20VAC5-306-20. Summary of the Participants' Positions at the Hearing.

Connie Davies presented testimony on behalf of Commonwealth. She testified that the Commission should adopt the EPACT's provisions for gas IRP with modifications, advocating a comprehensive approach to IRP which considers the optimal fuel selection among energy suppliers. Ms. Davies testified that Commonwealth was committed to the development of demand-side management proposals and noted the importance of complete and timely recovery of DSM program cost-recovery as an essential component of IRP activities. Ms. Davies observed that demand-side management programs can influence the fuel use decisions of gas utility customers. She stated that to the extent electric utilities have the opportunity to implement DSM programs and gas utilities are not permitted to offer similar programs, gas utilities were placed at a competitive disadvantage. Witness Davies testified that she did not envision the expansion of IRP and DSM as having a negative impact on small businesses.

Commonwealth also presented testimony that supported the use of an automatic adjustment clause for recovery of lost revenues. Commonwealth witness Stalnaker testified that deferring costs associated with DSM programs without allowing recovery of associated carrying costs or rate base treatment for such costs exposed Commonwealth to under-recovery of program costs and created a regulatory disincentive to implementation of conservation and demand programs.

While Commonwealth witness Davies appeared to support a collaborative IRP process, Commonwealth witness Connell's rebuttal testimony stressed the need to incorporate an ability to make changes within an IRP approved by the Commission.

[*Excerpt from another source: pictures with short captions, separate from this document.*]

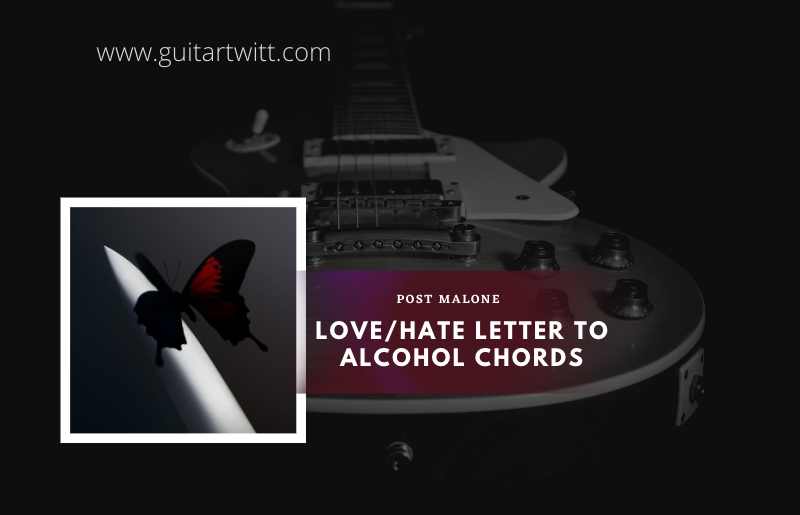 LoveHate Letter To Alcohol Chords 1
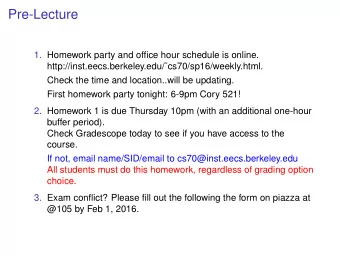 Pre-Lecture  1. Homework party and office hour schedule is online.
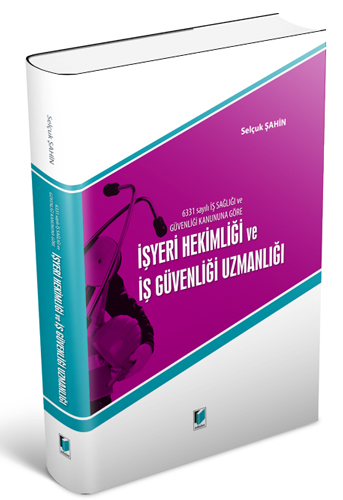 6331 Sayılı İş Sağlığı ve Güvenliği Kanununa Göre İşyeri Hekimliği ve İş Güvenliği Uzmanlığı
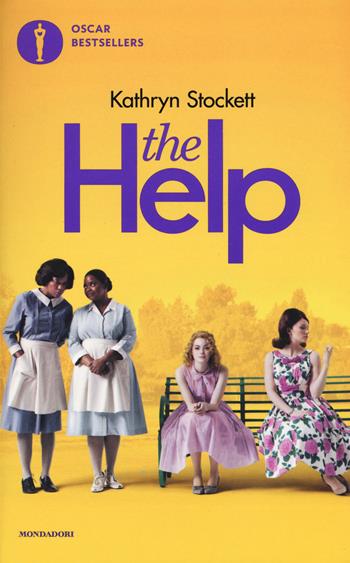 The Help - Kathryn Stockett - Libro Mondadori 2016, Oscar bestsellers | Libraccio.it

He also recommended a five year planning horizon for IRP but acknowledged that the life cycle of many DSM programs extended beyond five years. He failed to explain how the need to change IRP proposals and the utility's need to keep information confidential could be accommodated within a collaborative process.

VNG presented the direct and rebuttal testimonies of Jeffrey L. Huston which were received into the record without cross-examination. Mr. Huston recommended that: (i) the Commission not adopt IRP for gas utilities as envisioned in EPACT; (ii) the Commission permit gas companies in Virginia the flexibility to pursue market responsive demand-side management ("DSM") programs which were in the public interest; and (iii) after gaining further experience with gas conservation and load management ("CLM") programs, the Commission reconsider the issue of gas IRP.

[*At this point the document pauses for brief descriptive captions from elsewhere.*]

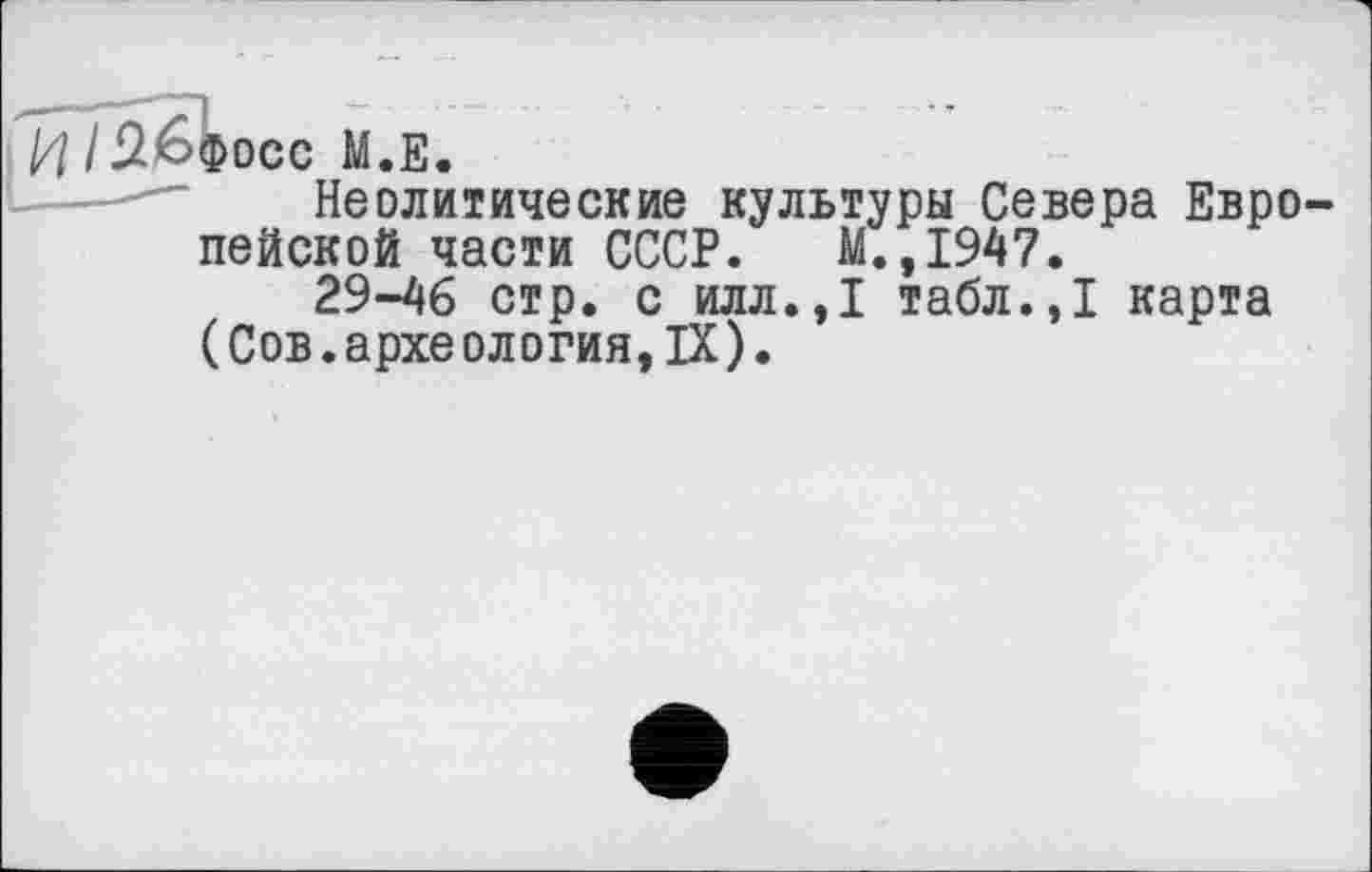 ﻿Збфосс М.Е.
Неолитические культуры Севера Евро пейской части СССР. М.,1947.
29-46 стр. с илл.,1 табл.,1 карта ( Сов. архе ол огия, IX ).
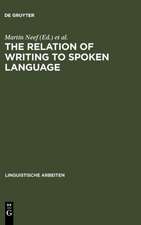 The Relation of Writing to Spoken Language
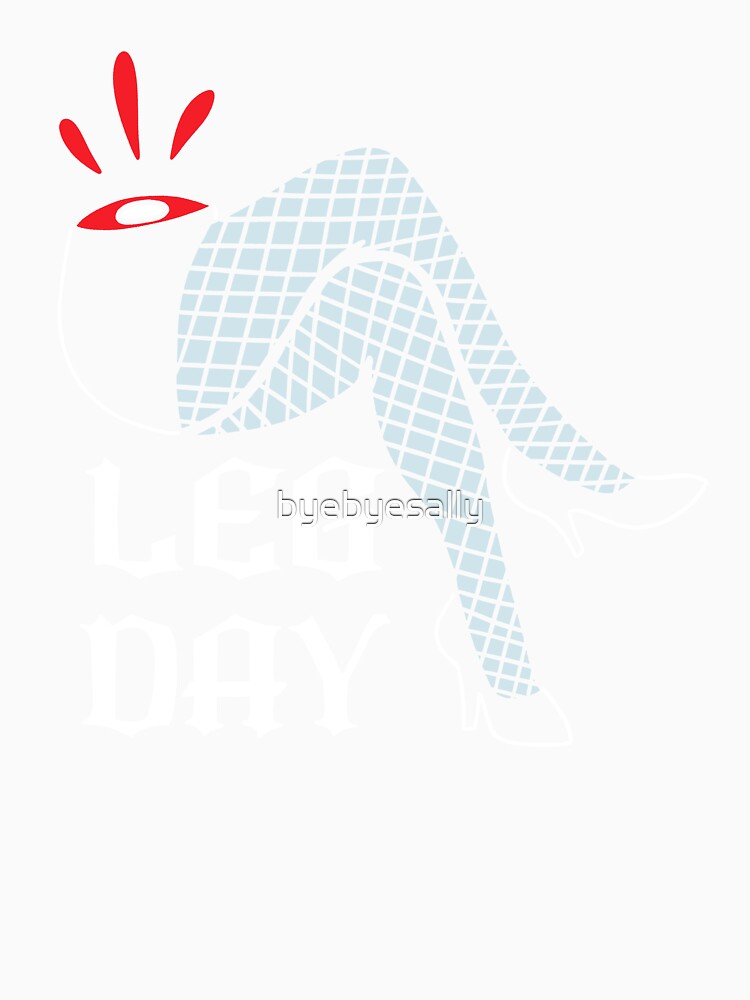 Leg Day by byebyesally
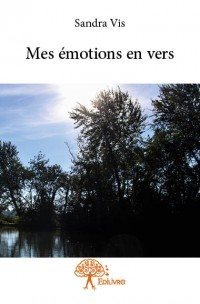 Rencontre avec Sandra Vis, auteur de « Mes émotions en vers »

In his rebuttal testimony, Mr. Huston recommended that some gas utility forecast information should be treated as confidential. Witness Huston urged the Commission to recognize that cost recovery standards are potential policy tools that could influence a gas utility's decisions regarding conservation and demand management. VNG acknowledged that little evidence existed to suggest that stronger cost recovery measures are merited at present. VNG attributed this, in part, to the recent adoption of formal cost-benefit tests to evaluate such programs and the relative lack of experience that the natural gas industry has in applying these methods of evaluation.

WGL presented the direct testimony of Sandra K. Holland and the rebuttal testimony of Paul H. Raab. In her testimony, Ms. Holland recommended that the Commission reject the IRP standard set forth in EPACT unless the standard was broadened to include all cost-effective CLM strategies. Ms. Holland asserted that it was important to subject electric and gas utilities to similar standards when considering CLM programs since such programs could be used to induce customers to use one type of fuel over another. She supported adoption of EPACT's conservation and demand management standard in order to remove disincentives to gas utilities to sell less natural gas. Ms. Holland further proposed that mandatory demand-side bidding processes be adopted in order to ensure that small businesses were not adversely impacted by the adoption of the IRP standard.

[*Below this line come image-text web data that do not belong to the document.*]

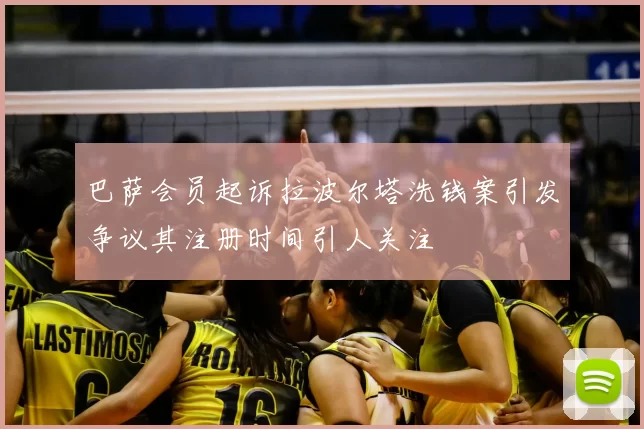 巴萨会员起诉拉波尔塔洗钱案引发争议其注册时间引人关注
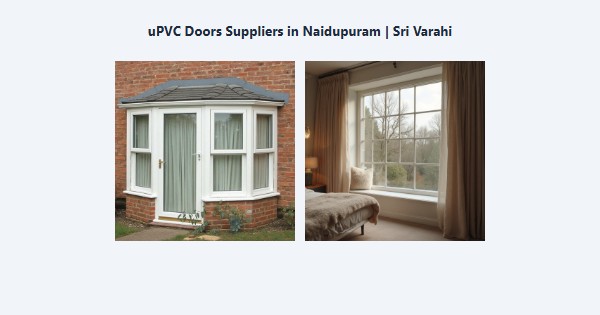 Cheap uPVC Doors Suppliers in Naidupuram, Kodaikanal | Sri Varahi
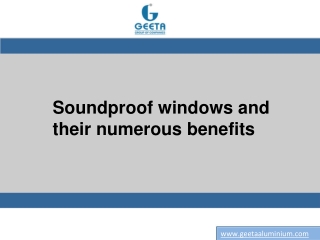 Soundproof windows and their numerous benefits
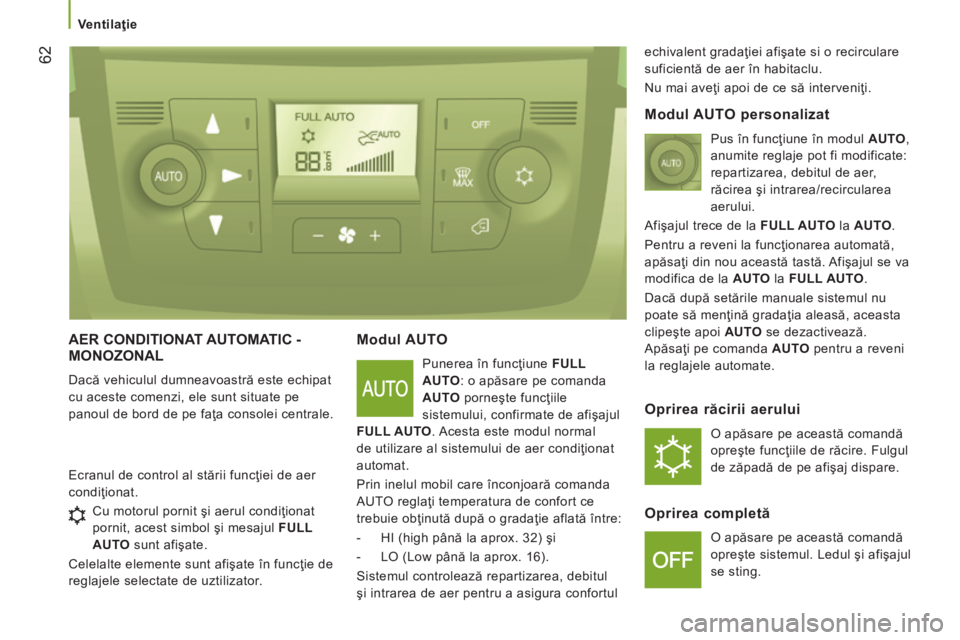 CITROEN JUMPER 2015  Ghiduri De Utilizare (in Romanian)    Ventilaţie   
62
JUMPER-PAPIER_RO_CHAP03_ERGO ET CONFORT_ED01-2014
 AER CONDITIONAT AUTOMATIC - MONOZONAL 
 Dacă vehiculul dumneavoastră este echipat 
cu aceste comenzi, ele sunt situate pe 
pan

In his rebuttal presented on behalf of WGL, witness Raab testified that the increasingly competitive environment confronting local distribution companies ("LDCs") required a broad definition of IRP. In his view, IRP defined narrowly as conservation or load management was incompatible with a competitive environment for gas utilities. Witness Raab also characterized lost revenue adjustments and decoupling mechanisms as inappropriate options to encourage conservation and load management investments in a competitive environment. He supported all-source bidding as an appropriate strategy to encourage cost effective CLM programs and to address the conflict between electric and gas utilities in an increasingly competitive environment. He asserted that revisions to gas utility purchased gas adjustment ("PGA") mechanisms and capacity release proposals found in VIGUA's testimony were beyond the scope of this investigation. He testified that giving LDC industrial customers a right of first refusal on the release of capacity may not maximize the value obtained for that capacity or benefit firm ratepayers.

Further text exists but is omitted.